I just want to thank all of you for your feedback and praise, and ask that you bear with me for this part, which was originally supposed to be much longer and thus doesn't have much snz in it—I ended up splitting it in half so I would have something to post. It's been a hectic few months, but hopefully I can get back into the writing groove and keep things going soon!

3.

"Right. Yeah. Uh, okay, so..." I take one more slurp of my too-hot noodles and just launch right the fuck into it, before whatever tiny shard of self-confidence I have left shatters like riot armor under Crane's fist. (And like you'd assume that mental image is just wishful thinking on my part but no, I've literally seen her crack a paracop's chestpiece open like a fucking crab shell).

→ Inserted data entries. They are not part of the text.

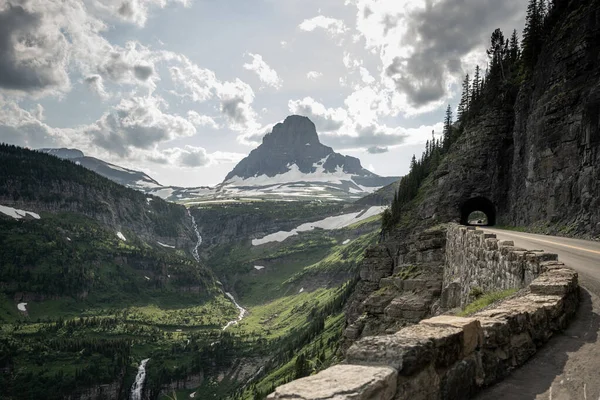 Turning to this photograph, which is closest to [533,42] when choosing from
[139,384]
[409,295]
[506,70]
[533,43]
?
[533,43]

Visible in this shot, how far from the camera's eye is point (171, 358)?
182m

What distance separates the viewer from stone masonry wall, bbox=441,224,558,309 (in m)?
13.5

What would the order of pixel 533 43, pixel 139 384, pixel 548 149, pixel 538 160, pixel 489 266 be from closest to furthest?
pixel 489 266 < pixel 548 149 < pixel 538 160 < pixel 533 43 < pixel 139 384

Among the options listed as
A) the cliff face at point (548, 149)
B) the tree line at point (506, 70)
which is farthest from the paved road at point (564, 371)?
the tree line at point (506, 70)

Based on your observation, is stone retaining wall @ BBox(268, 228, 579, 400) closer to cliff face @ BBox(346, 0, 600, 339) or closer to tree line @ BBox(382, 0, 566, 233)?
cliff face @ BBox(346, 0, 600, 339)

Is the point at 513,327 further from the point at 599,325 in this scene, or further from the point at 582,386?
the point at 599,325

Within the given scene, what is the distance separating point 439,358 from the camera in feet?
18.8

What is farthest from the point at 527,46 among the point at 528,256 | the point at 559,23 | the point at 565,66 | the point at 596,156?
the point at 528,256

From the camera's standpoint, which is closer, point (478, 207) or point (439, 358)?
point (439, 358)

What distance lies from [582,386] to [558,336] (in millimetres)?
2824

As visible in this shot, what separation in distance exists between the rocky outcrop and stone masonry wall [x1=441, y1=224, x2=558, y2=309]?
15.9 ft

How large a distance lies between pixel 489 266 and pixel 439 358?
14282 mm

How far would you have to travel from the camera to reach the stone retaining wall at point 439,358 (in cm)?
467

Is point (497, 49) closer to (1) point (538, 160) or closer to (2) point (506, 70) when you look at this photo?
(2) point (506, 70) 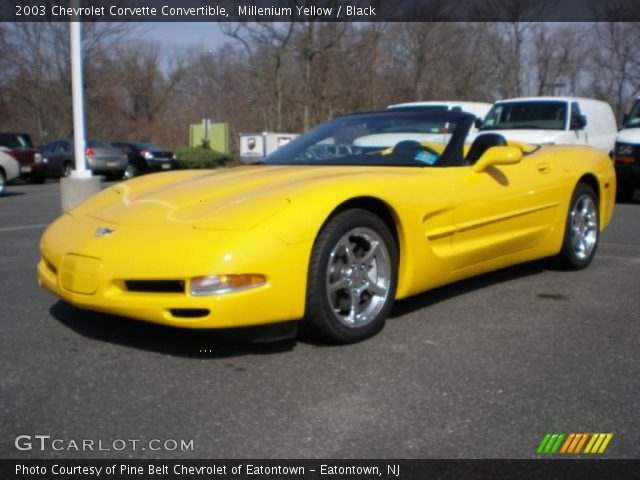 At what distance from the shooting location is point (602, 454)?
7.64 ft

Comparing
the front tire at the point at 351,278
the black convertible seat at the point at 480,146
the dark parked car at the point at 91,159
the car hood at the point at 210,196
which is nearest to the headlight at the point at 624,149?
the black convertible seat at the point at 480,146

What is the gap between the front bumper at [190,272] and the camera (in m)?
3.03

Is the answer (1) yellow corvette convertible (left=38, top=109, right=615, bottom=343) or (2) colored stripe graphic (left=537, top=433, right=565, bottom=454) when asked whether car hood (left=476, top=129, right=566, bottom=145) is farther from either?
(2) colored stripe graphic (left=537, top=433, right=565, bottom=454)

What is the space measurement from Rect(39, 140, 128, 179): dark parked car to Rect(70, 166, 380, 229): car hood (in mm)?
16184

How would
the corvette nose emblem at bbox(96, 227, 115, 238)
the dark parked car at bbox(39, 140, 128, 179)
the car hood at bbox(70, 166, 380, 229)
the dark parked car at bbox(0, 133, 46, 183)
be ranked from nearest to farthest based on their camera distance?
1. the car hood at bbox(70, 166, 380, 229)
2. the corvette nose emblem at bbox(96, 227, 115, 238)
3. the dark parked car at bbox(0, 133, 46, 183)
4. the dark parked car at bbox(39, 140, 128, 179)

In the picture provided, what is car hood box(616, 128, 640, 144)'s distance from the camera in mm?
10656

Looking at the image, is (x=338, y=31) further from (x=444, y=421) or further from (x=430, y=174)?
(x=444, y=421)

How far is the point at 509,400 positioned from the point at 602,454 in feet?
1.56

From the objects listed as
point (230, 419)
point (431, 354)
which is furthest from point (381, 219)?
point (230, 419)

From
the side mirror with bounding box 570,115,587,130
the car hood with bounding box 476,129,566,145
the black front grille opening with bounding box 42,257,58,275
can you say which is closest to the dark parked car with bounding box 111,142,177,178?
the car hood with bounding box 476,129,566,145

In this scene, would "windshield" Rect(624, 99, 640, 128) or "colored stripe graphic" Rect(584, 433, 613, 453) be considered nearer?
"colored stripe graphic" Rect(584, 433, 613, 453)

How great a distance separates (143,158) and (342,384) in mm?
20131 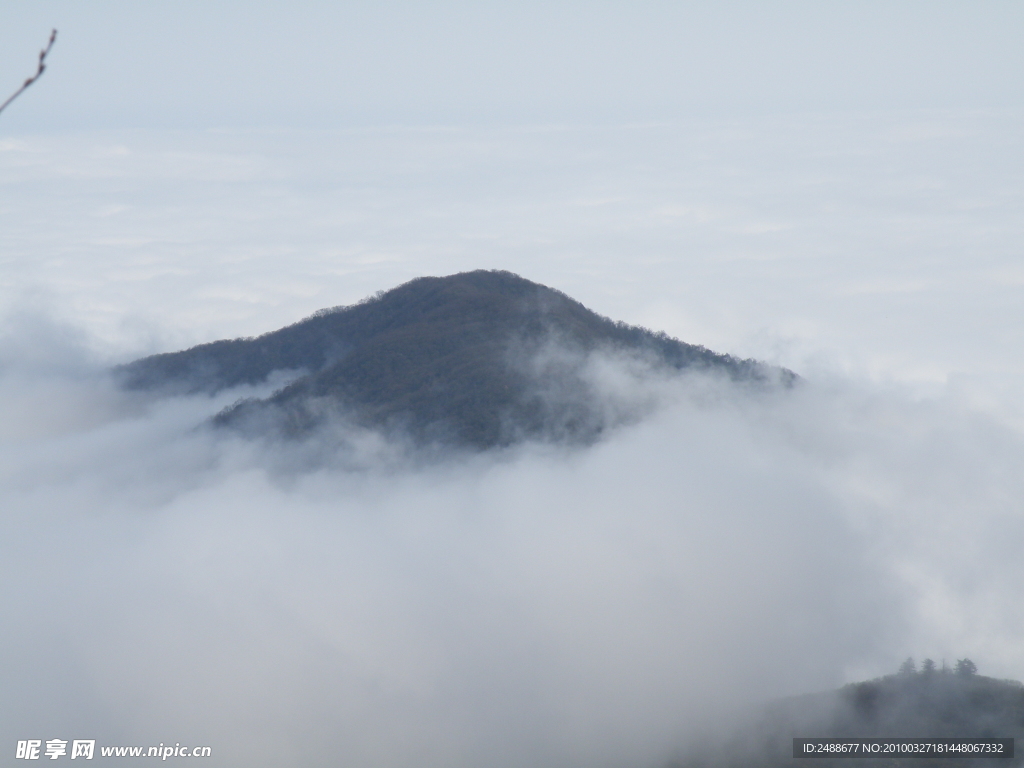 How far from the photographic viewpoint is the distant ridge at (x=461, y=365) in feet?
518

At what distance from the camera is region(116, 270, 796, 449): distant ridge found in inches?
6211

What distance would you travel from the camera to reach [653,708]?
156250 mm

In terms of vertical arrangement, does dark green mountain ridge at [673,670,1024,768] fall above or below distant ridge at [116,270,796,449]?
below

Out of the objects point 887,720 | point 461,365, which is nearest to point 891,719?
point 887,720

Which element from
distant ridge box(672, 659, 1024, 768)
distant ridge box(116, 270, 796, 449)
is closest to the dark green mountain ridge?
distant ridge box(672, 659, 1024, 768)

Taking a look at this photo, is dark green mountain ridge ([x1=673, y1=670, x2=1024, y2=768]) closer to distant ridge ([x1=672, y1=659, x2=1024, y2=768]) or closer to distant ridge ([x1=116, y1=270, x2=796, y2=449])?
distant ridge ([x1=672, y1=659, x2=1024, y2=768])

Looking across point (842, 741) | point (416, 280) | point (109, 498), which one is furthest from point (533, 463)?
point (109, 498)

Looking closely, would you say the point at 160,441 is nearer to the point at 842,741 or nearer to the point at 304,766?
the point at 304,766

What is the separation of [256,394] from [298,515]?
2777cm

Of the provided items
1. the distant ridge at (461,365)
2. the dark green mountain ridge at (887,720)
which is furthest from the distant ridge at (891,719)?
the distant ridge at (461,365)

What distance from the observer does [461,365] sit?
159000 mm

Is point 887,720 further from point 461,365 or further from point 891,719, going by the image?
point 461,365

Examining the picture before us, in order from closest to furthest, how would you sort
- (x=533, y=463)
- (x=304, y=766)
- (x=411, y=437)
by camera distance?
1. (x=304, y=766)
2. (x=411, y=437)
3. (x=533, y=463)

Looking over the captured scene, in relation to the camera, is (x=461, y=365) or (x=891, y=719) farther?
(x=461, y=365) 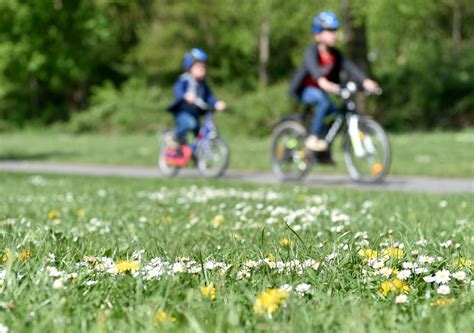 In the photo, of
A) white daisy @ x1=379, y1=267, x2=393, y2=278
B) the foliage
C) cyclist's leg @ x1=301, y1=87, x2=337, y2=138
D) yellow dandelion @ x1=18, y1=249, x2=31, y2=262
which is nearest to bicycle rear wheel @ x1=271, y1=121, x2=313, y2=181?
cyclist's leg @ x1=301, y1=87, x2=337, y2=138

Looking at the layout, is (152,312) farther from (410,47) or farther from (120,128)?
(410,47)

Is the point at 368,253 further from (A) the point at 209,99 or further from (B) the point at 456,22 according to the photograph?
(B) the point at 456,22

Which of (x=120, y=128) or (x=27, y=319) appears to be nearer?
(x=27, y=319)

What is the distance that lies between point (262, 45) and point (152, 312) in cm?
3413

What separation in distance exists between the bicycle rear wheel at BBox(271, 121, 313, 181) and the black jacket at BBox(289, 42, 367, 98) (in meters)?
0.52

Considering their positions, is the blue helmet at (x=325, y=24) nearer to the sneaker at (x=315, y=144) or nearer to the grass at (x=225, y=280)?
the sneaker at (x=315, y=144)

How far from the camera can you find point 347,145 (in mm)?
9859

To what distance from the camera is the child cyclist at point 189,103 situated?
11.7 metres

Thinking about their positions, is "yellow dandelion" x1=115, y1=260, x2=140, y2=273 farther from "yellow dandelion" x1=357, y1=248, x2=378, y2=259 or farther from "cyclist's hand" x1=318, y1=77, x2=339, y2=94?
"cyclist's hand" x1=318, y1=77, x2=339, y2=94

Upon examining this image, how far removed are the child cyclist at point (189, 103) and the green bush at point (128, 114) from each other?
2160 cm

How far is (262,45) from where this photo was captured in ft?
117

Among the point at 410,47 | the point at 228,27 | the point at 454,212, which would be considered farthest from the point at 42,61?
the point at 454,212

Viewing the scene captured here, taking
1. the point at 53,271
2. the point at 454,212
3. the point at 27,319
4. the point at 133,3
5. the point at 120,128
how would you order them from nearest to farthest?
the point at 27,319, the point at 53,271, the point at 454,212, the point at 120,128, the point at 133,3

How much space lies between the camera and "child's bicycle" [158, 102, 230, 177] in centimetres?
1145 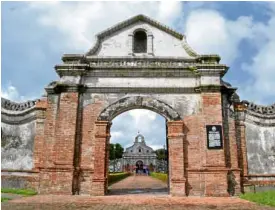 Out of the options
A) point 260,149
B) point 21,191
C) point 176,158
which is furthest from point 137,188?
point 21,191

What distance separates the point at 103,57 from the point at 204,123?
461 centimetres

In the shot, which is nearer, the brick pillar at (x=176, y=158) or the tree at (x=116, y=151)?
the brick pillar at (x=176, y=158)

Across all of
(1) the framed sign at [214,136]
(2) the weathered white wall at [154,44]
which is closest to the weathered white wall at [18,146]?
(2) the weathered white wall at [154,44]

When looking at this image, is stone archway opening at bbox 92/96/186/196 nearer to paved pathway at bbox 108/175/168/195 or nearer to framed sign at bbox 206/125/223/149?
framed sign at bbox 206/125/223/149

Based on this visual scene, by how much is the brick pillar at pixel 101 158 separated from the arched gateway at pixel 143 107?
3 centimetres

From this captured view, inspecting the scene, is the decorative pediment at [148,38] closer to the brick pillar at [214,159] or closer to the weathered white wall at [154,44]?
the weathered white wall at [154,44]

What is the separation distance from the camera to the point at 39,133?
1224 centimetres

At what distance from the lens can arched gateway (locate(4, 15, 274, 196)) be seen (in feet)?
35.6

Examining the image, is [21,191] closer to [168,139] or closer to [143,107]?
[143,107]

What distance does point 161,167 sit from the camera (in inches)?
2352

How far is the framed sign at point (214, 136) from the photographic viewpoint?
1098 cm

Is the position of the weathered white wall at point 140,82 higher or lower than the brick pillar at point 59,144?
higher

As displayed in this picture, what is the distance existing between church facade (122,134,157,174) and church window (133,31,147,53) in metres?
50.0

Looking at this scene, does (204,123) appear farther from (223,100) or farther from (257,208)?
(257,208)
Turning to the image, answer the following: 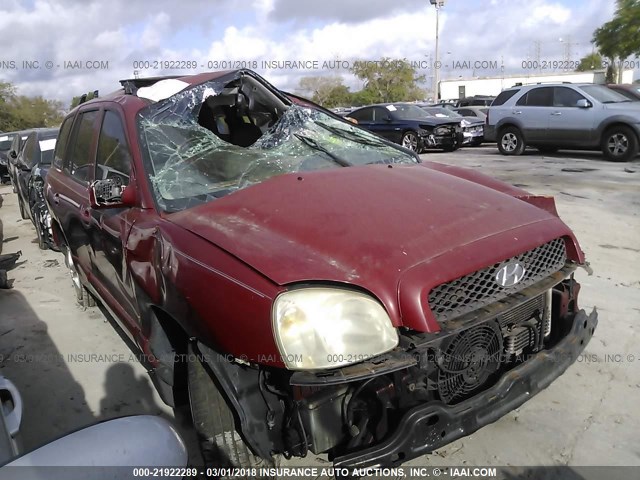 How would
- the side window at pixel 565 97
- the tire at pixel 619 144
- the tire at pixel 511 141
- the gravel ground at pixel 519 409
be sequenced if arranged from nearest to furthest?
the gravel ground at pixel 519 409 → the tire at pixel 619 144 → the side window at pixel 565 97 → the tire at pixel 511 141

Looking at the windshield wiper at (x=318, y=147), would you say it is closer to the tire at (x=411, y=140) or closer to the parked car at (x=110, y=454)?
the parked car at (x=110, y=454)

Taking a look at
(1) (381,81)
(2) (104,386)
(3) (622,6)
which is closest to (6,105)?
(1) (381,81)

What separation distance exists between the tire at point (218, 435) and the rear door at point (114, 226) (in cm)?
83

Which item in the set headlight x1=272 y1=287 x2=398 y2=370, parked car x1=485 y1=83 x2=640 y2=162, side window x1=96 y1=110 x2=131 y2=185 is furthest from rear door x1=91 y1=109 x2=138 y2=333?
parked car x1=485 y1=83 x2=640 y2=162

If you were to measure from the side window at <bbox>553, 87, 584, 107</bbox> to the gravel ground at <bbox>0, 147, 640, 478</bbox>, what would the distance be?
214 inches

"So we've already weeded out organic causes—bio suites don't cause symptoms like this if they're doing their job, and an overactive artificial immune response is something you'd notice right after you got the implants, not just now. That leaves three things that I can think of: modvirus, nanojackers, or interference. Now, none of your shit's off the shelf, I know that much, and like—a lot of it's refurb milspec, right? Cut outta SWAT squads and reverse-engineered." Crane nods serenely, like my nervous torrent of words is just washing right by. I can tell she's paying attention but she's just so cool about it, so mellow and nonjudgmental. Creepy Sev, take some fucking notes. "Right, yeah. So you aren't really the primary demographic for your average skiddie, and even if you were, who the fuck is gonna write something that punches through military-grade mods to make y—" I realize the verbal corner I'm backed into exactly one and a half words too late, and swallow the rest of the sentence along with a spontaneous spoonful of noodles. Some of the broth splatters on my shirt. Smooth as silk.

"...to, uh, just to give you an itchy nose?" And there's the recovery, perfect form; Sev advances to the semi-finals. Saying those last few words feels like something hot and prickly is hollowing out the space between my stomach and my throat, but it's doable, unlike anything related to the Main Event. "So modviruses are out, and Nanojackers have pretty much the same arguments against 'em, but those fuckers work fast-- I bet most of your stuff is self-hardening so worst case you'd just drop a couple links and your redundancies would kick in, or I guess if they hit enough you'd go into a coma. Either way.." I can feel myself dialing up the speed as I talk, throwing all my desperate mental clawing to keep it casual under a street compactor, but let's be real, 'stop and acknowledge what you just said' Is Not Happening at this juncture. Might as well just run with it 'till I collapse from lack of air or break the finish line.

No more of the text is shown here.